Insight on: Employment

Pandemic PPE claims

The recent case of Kubilius v Kent Food provides an insight into how employment tribunals might look at unfair dismissal claims related to PPE during the pandemic. The claimant, a lorry driver, refused to wear a mask in the cab of his vehicle at the request of his employer’s client on arrival at its premises.

The client (which had a policy in place requiring all staff and visitors to wear a mask on site) complained to the employer and banned the claimant from its premises.

The employer had a policy that all employees should follow clients’ health and safety procedures when requested or required. The employer instigated a disciplinary process on the grounds of misconduct and dismissed the claimant as a result.

In deciding on the sanction, the employer (and subsequently when considering the case, the employment tribunal) considered the fact that the employee did not show any remorse and therefore concluded that it would not be able to have faith in his conduct in the future.

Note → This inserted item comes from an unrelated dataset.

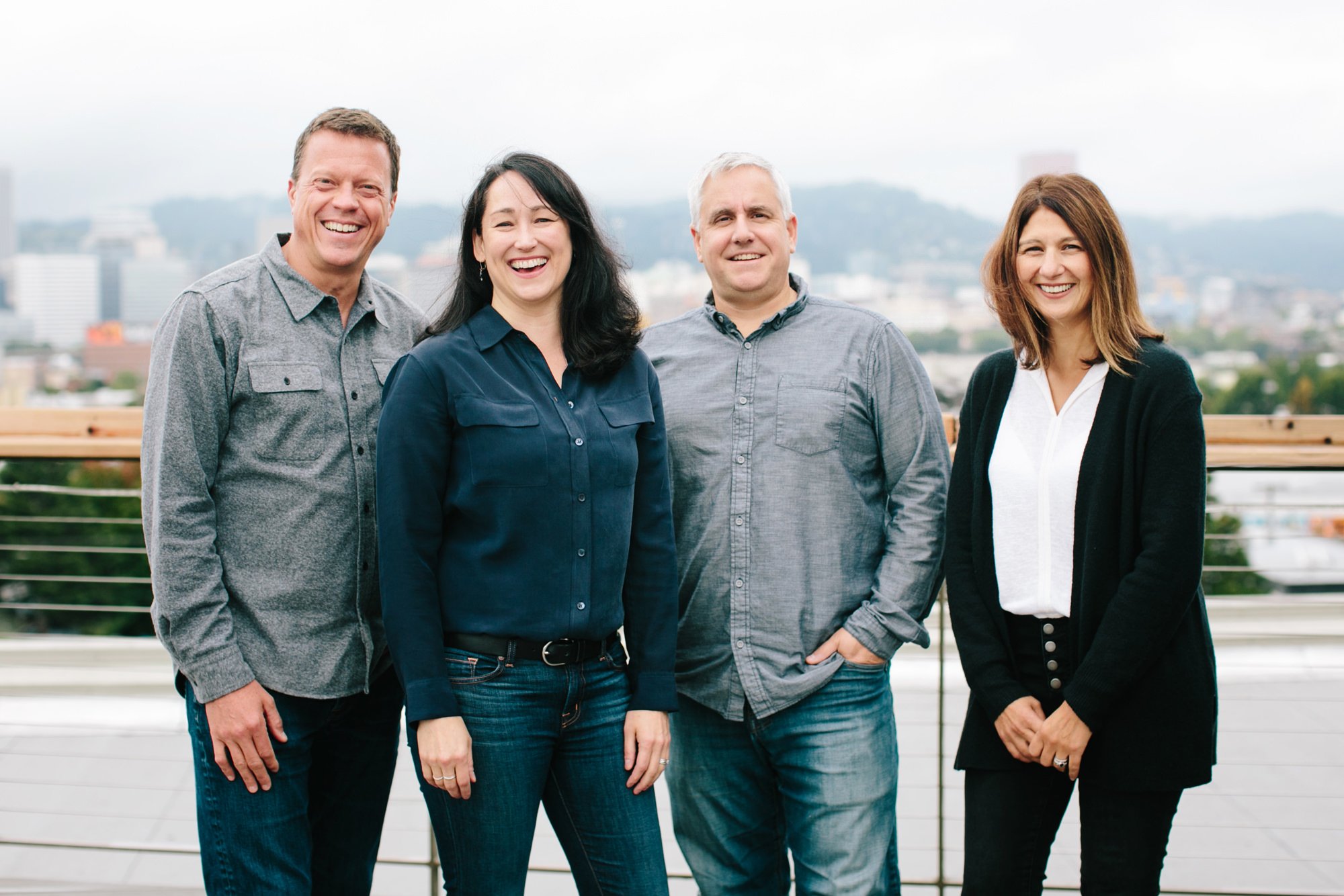 Group of four smiling adults standing outdoors on a balcony with a cityscape in the background.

It also took into account that the employee was banned from the client premises and so the claimant could no longer undertake his duties in respect of that client.

It is important to note that this is a decision at first instance and therefore not binding on future tribunals. Additionally, the pandemic landscape continues to evolve and any future change of the UK government’s guidelines in respect of PPE may impact the way that future tribunals consider similar cases.

However, it does indicate that tribunals will appreciate that employers will take pandemic health and safety issues seriously, particularly if client relationships are risked as a result.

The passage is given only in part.